Derrière chacun des visages des cheminots, il y a un monde, un enchevêtrement de situations, de déséquilibres, de parcours sinueux, de ruptures familiales, de rêves réservés. Leurs illusions sont des œuvres, leurs mots sont choisis. Ils serrent les dents pour survivre, pour colmater les brèches. Ils parlent souvent avec les yeux et ponctuent avec des soupirs. La décision du tribunal est un petit arc-en-ciel dans leur ciel nuageux.

Ils symbolisent l’histoire de l’immigration maghrébine, méconnue, sous-estimée, enfouie dans les interstices du monde ouvrier et des classes populaires. Il faut rendre hommage à Omar Samaoli, Mouloud Aounit, Yamina Benguigui, Azouz Begag et les quelques dizaines de militants anonymes pour leur engagement et leur travaux sur cette question afin de la sortir de la zone grise, pour éclairer la société française sur sa propre histoire.

Les Chibanis d’aujourd’hui furent les petites fourmis des trente glorieuses. Jeunes gaillards costauds, en bonne santé, durs à la tâche, invisibles politiquement, corvéables à merci. Dès les années 50, l’État français écumait les villages du Rif et du Sud marocain pour sélectionner les jeunes adultes candidats à l’exil. Il fallait satisfaire la boulimie d’une économie en pleine expansion au service d’un pays en reconstruction après une guerre désastreuse. Les recruteurs palpaient et appréciaient les paumes des mains rugueuses des candidats pour ne recruter que des travailleurs manuels ou des ouvriers agricoles. L’immigration utile et choisie, toujours.

La France des mines, du charbon, des ponts et chaussées, des chaînes de montage automobiles, du nettoyage, du BTP, des transports et des industries pollueuses les consumait par millions. La vie se résumait ainsi : des silhouettes rasant les murs, le foyer, l’usine, un troquet, quelques paroles de Dahmane et des photos du bled en noir et blanc.
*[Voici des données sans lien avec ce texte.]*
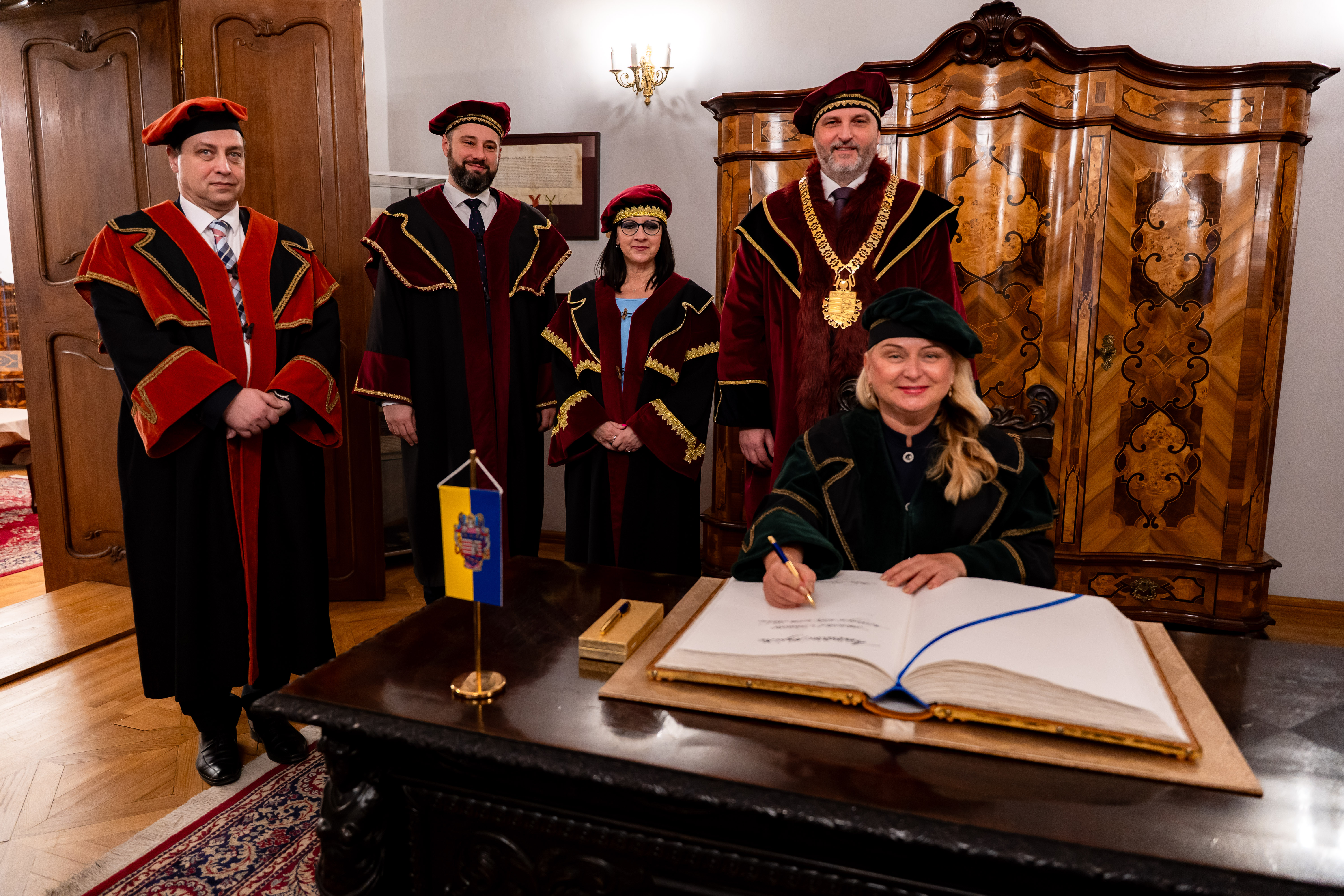  prijatie starostov Mestskych casti v Kosiciach.-40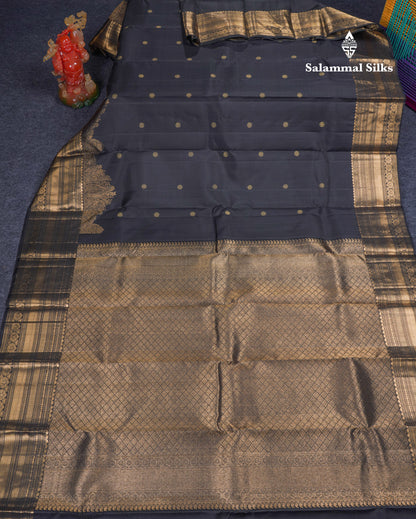 Beautiful Black Pure Kanjivaram Silk Saree With Traditional & Turning Border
Dans les années 70, des dynamiques collectives sont nées avec quelques revendications sociales et politiques (grève des loyers dans les foyers, médecine du travail, violence policière, création de journaux, ciné club…), une participation de plus en plus affichée dans les mouvements ouvriers, -malgré les résistances de certaines centrales syndicales-, jusqu’à la possibilité de créer des associations au début des années 80 et l’émergence de ce que nous appelons aujourd’hui « la politique de la ville », avec l’installation des nouvelles générations au cœur du débat politique.

Aujourd’hui, le projet migratoire des Chibanis n’est pas terminé. Il est confronté à une réalité : on ne quitte pas un pays après 40 ou 50 ans de présence, en laissant enfants et petits-enfants sur place, ses repères, ses amis. Les Chibanis célibataires rencontrent des problèmes administratifs, des obstacles qui rendent difficile la mobilité entre les deux rives de la Méditerranée, survivent avec des petites indemnités retraites, une précarité financière qui ne permet pas de se soigner, des conditions de vie inconfortables dans les foyers… .

La victoire des Chibanis face à la SNCF n’est pas uniquement juridique. Elle est un symbole fort. Elle doit être aussi un levier de reconnaissance politique pour aborder les autres questions. Leur jeunesse n’est plus. Ils ont participé à la reconstruction de la France. Leurs enfants ont pris le relais dans tous les secteurs d’activité. Nous leur devons une solidarité sans faille. Nous devons leur garantir une place, à part entière, dans notre mémoire collective et notre histoire commune.